EXERCISE DIRECTIONS »
Send each entry back exactly as given, pictures excluded.
══════
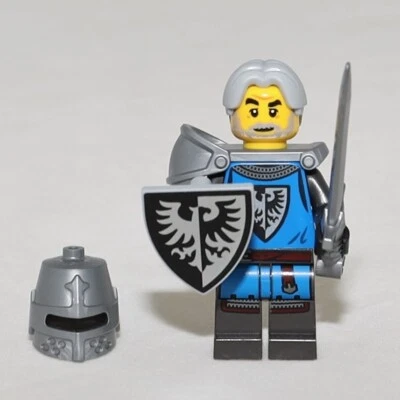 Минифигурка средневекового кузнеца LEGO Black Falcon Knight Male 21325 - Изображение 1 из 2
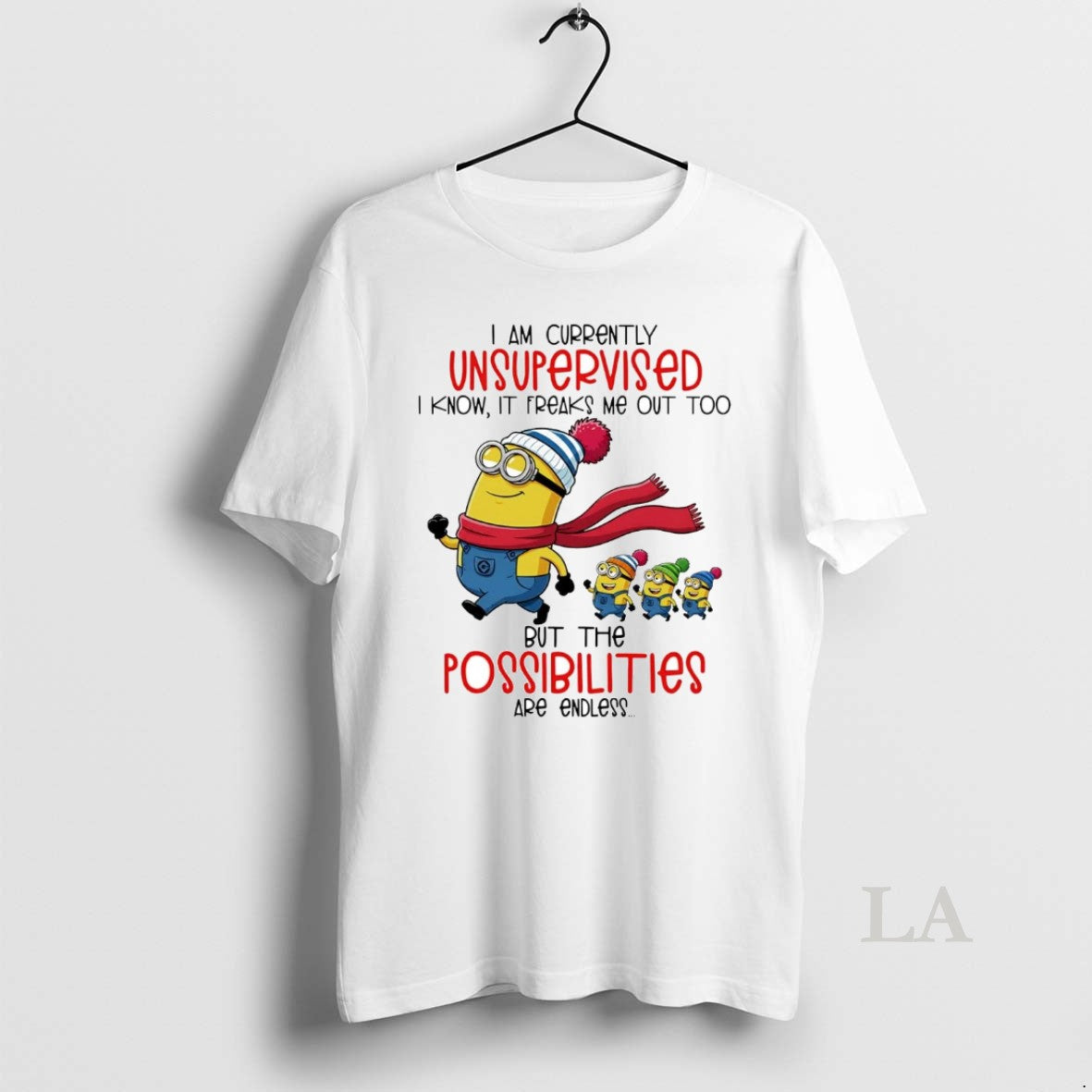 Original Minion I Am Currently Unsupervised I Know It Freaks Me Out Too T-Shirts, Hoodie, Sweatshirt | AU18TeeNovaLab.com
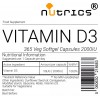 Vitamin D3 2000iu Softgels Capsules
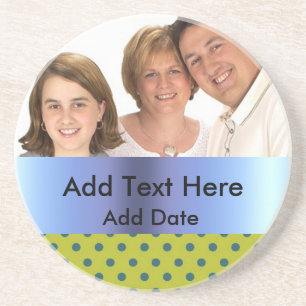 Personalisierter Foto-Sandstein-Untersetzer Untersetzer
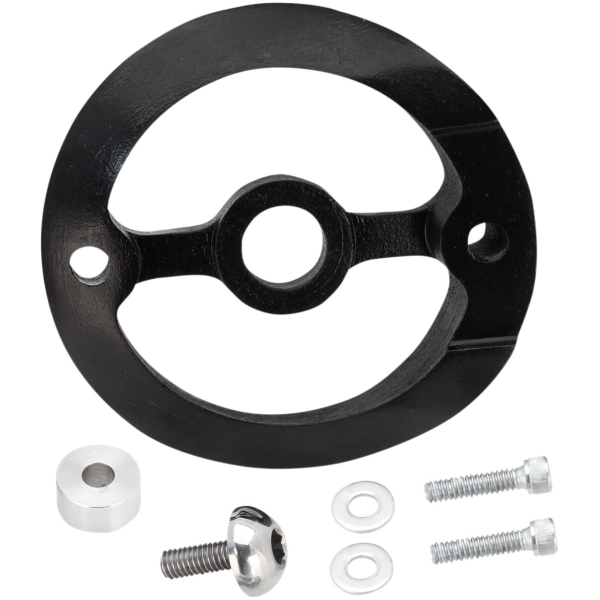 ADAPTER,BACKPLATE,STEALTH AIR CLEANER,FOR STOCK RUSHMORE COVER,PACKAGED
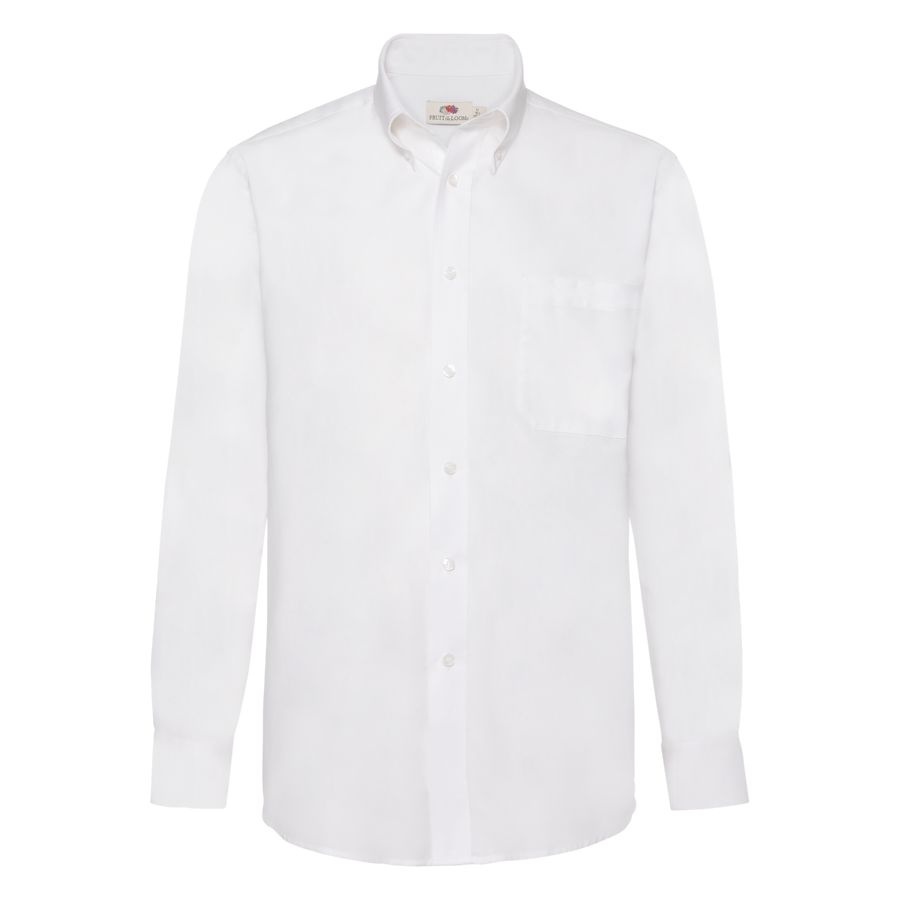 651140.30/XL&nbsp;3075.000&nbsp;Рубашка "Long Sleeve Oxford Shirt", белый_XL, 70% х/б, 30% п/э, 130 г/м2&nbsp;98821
══════
SOLVED EXERCISE »
 Минифигурка средневекового кузнеца LEGO Black Falcon Knight Male 21325 - Изображение 1 из 2
 Original Minion I Am Currently Unsupervised I Know It Freaks Me Out Too T-Shirts, Hoodie, Sweatshirt | AU18TeeNovaLab.com
 Vitamin D3 2000iu Softgels Capsules
 Personalisierter Foto-Sandstein-Untersetzer Untersetzer
 ADAPTER,BACKPLATE,STEALTH AIR CLEANER,FOR STOCK RUSHMORE COVER,PACKAGED
 651140.30/XL&nbsp;3075.000&nbsp;Рубашка "Long Sleeve Oxford Shirt", белый_XL, 70% х/б, 30% п/э, 130 г/м2&nbsp;98821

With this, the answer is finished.